Sounds like a sure-fire winner, right? Except for a couple of things: Ramos pencils are divisive. He has a certain cartoony style that not everyone finds appealing, so right away the book had some detractors before issue one even hit the stands. But Ramos had just as many fans, given he would go on after Crismon’s 24 issues were over to pencil the Spectacular and Amazing Spider-Man books for decent length runs.

In my own personal opinion, Ramos isn’t someone I would use on every title. He works well with young books where we don’t need complete faithfulness to physics or anatomy. It’s not every hero story that can pull off characters with giant Keane kid eyes, for one thing. And then there are body proportion things that, for some, cross the line of good art / bad art. On this particular title – for me, I thought Ramos’ work did the job needed. It set a mood for the series that didn’t take itself all the way seriously yet still allowed some of the pathos of waking up as an immortal parasite would have on a boy.
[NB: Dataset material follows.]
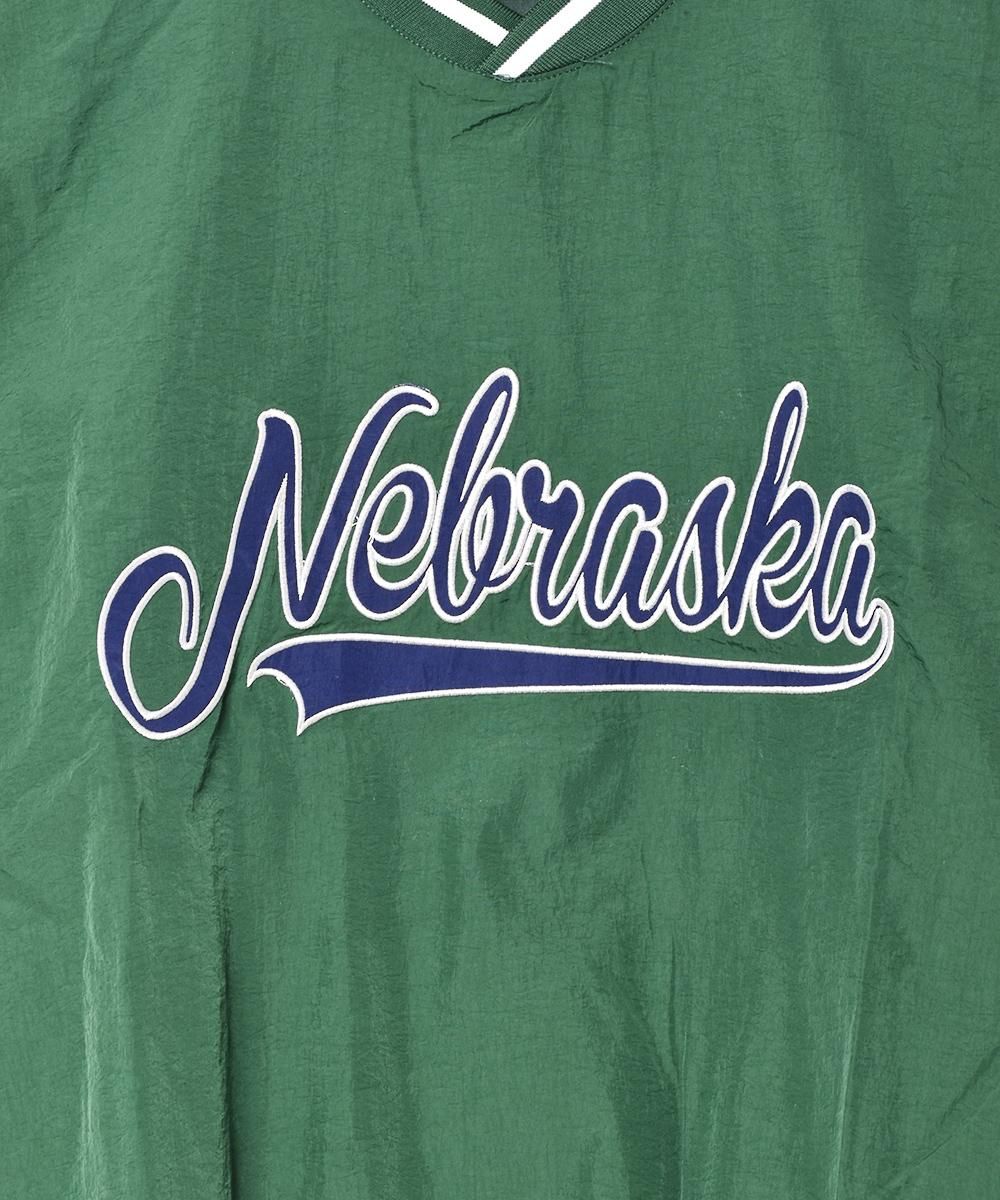 2ŸۡBackers׻ɽ ݡƥȥåץ Nebraskaץ꡼󥵥ͥ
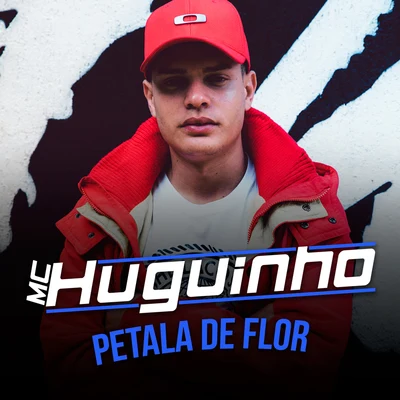 Mc Novinho da Praça/Mc Huguinho/Mc TalibãPetala de Flor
The other issue was the tale itself, which we should just dive into at this point. We have a small, personal tale of a boy who becomes not only a vampire, but THE CHOSEN ONE destined to fight and kill all vampires so the logical start to our story is…

…The Judeo-Christian DAWN OF CREATION! Okay, follow this with me here people…mythologic world building is FINE in its PLACE. But that place is NEVER page one through five of your story. We will go through these, but suffice to say SO Much information is conveyed without any human connection to it that this “history lesson” feels exactly like that: a lesson where we need to take notes of names, places, tribes and alliances because we are boning up for a quiz. 

The human element is what we are here for. Start there. Sprinkle in the history later. Bake at 350 for 15 minutes and you have a great meal. Don’t put all of this out on the plate raw and uncooked, with no melding it to people we care about and feel are important.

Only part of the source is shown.